- **TASK TO CARRY OUT**: Copy the entries below in full, keeping them exactly as they are.

- **SUPPLIED RECORDS**:
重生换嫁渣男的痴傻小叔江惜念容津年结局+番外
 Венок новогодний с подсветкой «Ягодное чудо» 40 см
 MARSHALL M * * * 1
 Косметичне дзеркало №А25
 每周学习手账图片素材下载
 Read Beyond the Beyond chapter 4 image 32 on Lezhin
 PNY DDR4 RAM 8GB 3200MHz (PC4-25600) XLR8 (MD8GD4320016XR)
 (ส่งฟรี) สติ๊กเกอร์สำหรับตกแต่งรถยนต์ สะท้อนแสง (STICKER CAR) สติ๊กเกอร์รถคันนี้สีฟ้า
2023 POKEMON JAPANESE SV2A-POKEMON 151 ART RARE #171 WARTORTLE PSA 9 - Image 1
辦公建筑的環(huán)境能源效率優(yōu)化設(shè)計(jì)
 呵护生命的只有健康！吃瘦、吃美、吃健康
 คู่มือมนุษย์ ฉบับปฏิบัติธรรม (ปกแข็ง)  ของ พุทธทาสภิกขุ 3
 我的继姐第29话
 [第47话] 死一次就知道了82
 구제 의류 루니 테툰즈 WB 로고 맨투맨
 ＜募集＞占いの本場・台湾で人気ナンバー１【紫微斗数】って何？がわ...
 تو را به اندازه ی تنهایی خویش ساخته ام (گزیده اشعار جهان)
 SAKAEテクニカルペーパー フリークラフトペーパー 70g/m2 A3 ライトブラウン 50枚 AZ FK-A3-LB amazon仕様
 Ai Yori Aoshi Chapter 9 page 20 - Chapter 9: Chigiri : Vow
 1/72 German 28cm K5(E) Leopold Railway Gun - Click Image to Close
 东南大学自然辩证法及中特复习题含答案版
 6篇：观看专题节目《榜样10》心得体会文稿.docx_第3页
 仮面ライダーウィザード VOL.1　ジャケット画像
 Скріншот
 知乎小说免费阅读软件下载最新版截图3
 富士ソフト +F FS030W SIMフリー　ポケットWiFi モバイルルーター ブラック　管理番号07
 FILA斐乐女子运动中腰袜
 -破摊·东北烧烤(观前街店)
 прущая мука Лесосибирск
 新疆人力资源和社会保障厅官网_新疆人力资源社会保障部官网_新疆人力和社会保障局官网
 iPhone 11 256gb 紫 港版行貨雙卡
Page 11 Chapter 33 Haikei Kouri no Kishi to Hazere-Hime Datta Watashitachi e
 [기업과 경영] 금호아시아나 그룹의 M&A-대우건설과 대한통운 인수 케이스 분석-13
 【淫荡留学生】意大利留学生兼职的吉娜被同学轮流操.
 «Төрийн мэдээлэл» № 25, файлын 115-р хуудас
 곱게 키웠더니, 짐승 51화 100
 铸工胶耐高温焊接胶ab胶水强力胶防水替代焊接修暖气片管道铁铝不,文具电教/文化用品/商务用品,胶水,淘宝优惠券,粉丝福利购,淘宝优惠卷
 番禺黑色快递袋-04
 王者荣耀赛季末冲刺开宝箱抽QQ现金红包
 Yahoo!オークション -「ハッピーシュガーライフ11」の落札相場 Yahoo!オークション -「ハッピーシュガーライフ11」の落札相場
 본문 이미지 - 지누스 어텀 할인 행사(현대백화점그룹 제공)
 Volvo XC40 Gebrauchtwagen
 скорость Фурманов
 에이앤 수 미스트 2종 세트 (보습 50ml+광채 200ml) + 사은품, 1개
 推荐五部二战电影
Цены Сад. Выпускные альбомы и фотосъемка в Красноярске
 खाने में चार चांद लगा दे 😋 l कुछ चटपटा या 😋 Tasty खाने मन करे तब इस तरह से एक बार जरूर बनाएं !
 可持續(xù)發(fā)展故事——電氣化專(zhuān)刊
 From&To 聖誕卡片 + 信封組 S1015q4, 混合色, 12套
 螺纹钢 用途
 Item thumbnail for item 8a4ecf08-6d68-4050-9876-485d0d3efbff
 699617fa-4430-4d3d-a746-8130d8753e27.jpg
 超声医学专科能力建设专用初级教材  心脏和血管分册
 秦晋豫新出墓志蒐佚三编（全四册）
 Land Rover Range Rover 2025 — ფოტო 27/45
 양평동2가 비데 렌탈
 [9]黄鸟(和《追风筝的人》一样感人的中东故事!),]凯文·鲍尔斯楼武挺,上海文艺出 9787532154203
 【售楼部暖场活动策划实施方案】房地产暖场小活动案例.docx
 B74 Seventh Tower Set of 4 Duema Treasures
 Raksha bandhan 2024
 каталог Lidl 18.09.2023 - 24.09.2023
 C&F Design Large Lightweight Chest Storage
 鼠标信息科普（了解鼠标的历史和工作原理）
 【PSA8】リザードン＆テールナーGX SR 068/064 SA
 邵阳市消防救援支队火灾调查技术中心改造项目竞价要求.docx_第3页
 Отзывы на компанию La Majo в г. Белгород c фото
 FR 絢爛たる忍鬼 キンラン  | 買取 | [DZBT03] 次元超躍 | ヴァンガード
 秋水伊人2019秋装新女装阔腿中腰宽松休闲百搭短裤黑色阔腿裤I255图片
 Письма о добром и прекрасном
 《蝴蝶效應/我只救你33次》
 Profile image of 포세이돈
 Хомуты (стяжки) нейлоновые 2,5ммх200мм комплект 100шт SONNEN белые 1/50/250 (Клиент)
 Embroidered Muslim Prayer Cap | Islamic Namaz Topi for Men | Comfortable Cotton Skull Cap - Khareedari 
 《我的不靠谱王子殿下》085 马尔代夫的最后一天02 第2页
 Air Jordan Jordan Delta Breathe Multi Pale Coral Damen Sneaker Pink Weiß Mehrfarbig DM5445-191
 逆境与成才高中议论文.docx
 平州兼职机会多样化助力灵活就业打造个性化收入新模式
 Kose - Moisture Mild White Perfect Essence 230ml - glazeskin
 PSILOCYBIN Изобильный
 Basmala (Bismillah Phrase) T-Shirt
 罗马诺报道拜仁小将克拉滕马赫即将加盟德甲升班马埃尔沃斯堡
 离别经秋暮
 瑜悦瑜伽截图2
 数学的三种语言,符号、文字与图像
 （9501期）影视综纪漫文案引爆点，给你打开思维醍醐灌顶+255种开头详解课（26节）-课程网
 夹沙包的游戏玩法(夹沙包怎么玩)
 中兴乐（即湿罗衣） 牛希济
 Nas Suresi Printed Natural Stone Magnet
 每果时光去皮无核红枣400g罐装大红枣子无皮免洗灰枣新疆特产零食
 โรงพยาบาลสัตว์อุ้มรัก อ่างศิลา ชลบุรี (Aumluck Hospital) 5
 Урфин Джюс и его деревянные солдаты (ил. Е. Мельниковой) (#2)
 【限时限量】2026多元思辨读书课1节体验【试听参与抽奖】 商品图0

- **WRITTEN ANSWER**:
重生换嫁渣男的痴傻小叔江惜念容津年结局+番外
 Венок новогодний с подсветкой «Ягодное чудо» 40 см
 MARSHALL M * * * 1
 Косметичне дзеркало №А25
 每周学习手账图片素材下载
 Read Beyond the Beyond chapter 4 image 32 on Lezhin
 PNY DDR4 RAM 8GB 3200MHz (PC4-25600) XLR8 (MD8GD4320016XR)
 (ส่งฟรี) สติ๊กเกอร์สำหรับตกแต่งรถยนต์ สะท้อนแสง (STICKER CAR) สติ๊กเกอร์รถคันนี้สีฟ้า
2023 POKEMON JAPANESE SV2A-POKEMON 151 ART RARE #171 WARTORTLE PSA 9 - Image 1
辦公建筑的環(huán)境能源效率優(yōu)化設(shè)計(jì)
 呵护生命的只有健康！吃瘦、吃美、吃健康
 คู่มือมนุษย์ ฉบับปฏิบัติธรรม (ปกแข็ง)  ของ พุทธทาสภิกขุ 3
 我的继姐第29话
 [第47话] 死一次就知道了82
 구제 의류 루니 테툰즈 WB 로고 맨투맨
 ＜募集＞占いの本場・台湾で人気ナンバー１【紫微斗数】って何？がわ...
 تو را به اندازه ی تنهایی خویش ساخته ام (گزیده اشعار جهان)
 SAKAEテクニカルペーパー フリークラフトペーパー 70g/m2 A3 ライトブラウン 50枚 AZ FK-A3-LB amazon仕様
 Ai Yori Aoshi Chapter 9 page 20 - Chapter 9: Chigiri : Vow
 1/72 German 28cm K5(E) Leopold Railway Gun - Click Image to Close
 东南大学自然辩证法及中特复习题含答案版
 6篇：观看专题节目《榜样10》心得体会文稿.docx_第3页
 仮面ライダーウィザード VOL.1　ジャケット画像
 Скріншот
 知乎小说免费阅读软件下载最新版截图3
 富士ソフト +F FS030W SIMフリー　ポケットWiFi モバイルルーター ブラック　管理番号07
 FILA斐乐女子运动中腰袜
 -破摊·东北烧烤(观前街店)
 прущая мука Лесосибирск
 新疆人力资源和社会保障厅官网_新疆人力资源社会保障部官网_新疆人力和社会保障局官网
 iPhone 11 256gb 紫 港版行貨雙卡
Page 11 Chapter 33 Haikei Kouri no Kishi to Hazere-Hime Datta Watashitachi e
 [기업과 경영] 금호아시아나 그룹의 M&A-대우건설과 대한통운 인수 케이스 분석-13
 【淫荡留学生】意大利留学生兼职的吉娜被同学轮流操.
 «Төрийн мэдээлэл» № 25, файлын 115-р хуудас
 곱게 키웠더니, 짐승 51화 100
 铸工胶耐高温焊接胶ab胶水强力胶防水替代焊接修暖气片管道铁铝不,文具电教/文化用品/商务用品,胶水,淘宝优惠券,粉丝福利购,淘宝优惠卷
 番禺黑色快递袋-04
 王者荣耀赛季末冲刺开宝箱抽QQ现金红包
 Yahoo!オークション -「ハッピーシュガーライフ11」の落札相場 Yahoo!オークション -「ハッピーシュガーライフ11」の落札相場
 본문 이미지 - 지누스 어텀 할인 행사(현대백화점그룹 제공)
 Volvo XC40 Gebrauchtwagen
 скорость Фурманов
 에이앤 수 미스트 2종 세트 (보습 50ml+광채 200ml) + 사은품, 1개
 推荐五部二战电影
Цены Сад. Выпускные альбомы и фотосъемка в Красноярске
 खाने में चार चांद लगा दे 😋 l कुछ चटपटा या 😋 Tasty खाने मन करे तब इस तरह से एक बार जरूर बनाएं !
 可持續(xù)發(fā)展故事——電氣化專(zhuān)刊
 From&To 聖誕卡片 + 信封組 S1015q4, 混合色, 12套
 螺纹钢 用途
 Item thumbnail for item 8a4ecf08-6d68-4050-9876-485d0d3efbff
 699617fa-4430-4d3d-a746-8130d8753e27.jpg
 超声医学专科能力建设专用初级教材  心脏和血管分册
 秦晋豫新出墓志蒐佚三编（全四册）
 Land Rover Range Rover 2025 — ფოტო 27/45
 양평동2가 비데 렌탈
 [9]黄鸟(和《追风筝的人》一样感人的中东故事!),]凯文·鲍尔斯楼武挺,上海文艺出 9787532154203
 【售楼部暖场活动策划实施方案】房地产暖场小活动案例.docx
 B74 Seventh Tower Set of 4 Duema Treasures
 Raksha bandhan 2024
 каталог Lidl 18.09.2023 - 24.09.2023
 C&F Design Large Lightweight Chest Storage
 鼠标信息科普（了解鼠标的历史和工作原理）
 【PSA8】リザードン＆テールナーGX SR 068/064 SA
 邵阳市消防救援支队火灾调查技术中心改造项目竞价要求.docx_第3页
 Отзывы на компанию La Majo в г. Белгород c фото
 FR 絢爛たる忍鬼 キンラン  | 買取 | [DZBT03] 次元超躍 | ヴァンガード
 秋水伊人2019秋装新女装阔腿中腰宽松休闲百搭短裤黑色阔腿裤I255图片
 Письма о добром и прекрасном
 《蝴蝶效應/我只救你33次》
 Profile image of 포세이돈
 Хомуты (стяжки) нейлоновые 2,5ммх200мм комплект 100шт SONNEN белые 1/50/250 (Клиент)
 Embroidered Muslim Prayer Cap | Islamic Namaz Topi for Men | Comfortable Cotton Skull Cap - Khareedari 
 《我的不靠谱王子殿下》085 马尔代夫的最后一天02 第2页
 Air Jordan Jordan Delta Breathe Multi Pale Coral Damen Sneaker Pink Weiß Mehrfarbig DM5445-191
 逆境与成才高中议论文.docx
 平州兼职机会多样化助力灵活就业打造个性化收入新模式
 Kose - Moisture Mild White Perfect Essence 230ml - glazeskin
 PSILOCYBIN Изобильный
 Basmala (Bismillah Phrase) T-Shirt
 罗马诺报道拜仁小将克拉滕马赫即将加盟德甲升班马埃尔沃斯堡
 离别经秋暮
 瑜悦瑜伽截图2
 数学的三种语言,符号、文字与图像
 （9501期）影视综纪漫文案引爆点，给你打开思维醍醐灌顶+255种开头详解课（26节）-课程网
 夹沙包的游戏玩法(夹沙包怎么玩)
 中兴乐（即湿罗衣） 牛希济
 Nas Suresi Printed Natural Stone Magnet
 每果时光去皮无核红枣400g罐装大红枣子无皮免洗灰枣新疆特产零食
 โรงพยาบาลสัตว์อุ้มรัก อ่างศิลา ชลบุรี (Aumluck Hospital) 5
 Урфин Джюс и его деревянные солдаты (ил. Е. Мельниковой) (#2)
 【限时限量】2026多元思辨读书课1节体验【试听参与抽奖】 商品图0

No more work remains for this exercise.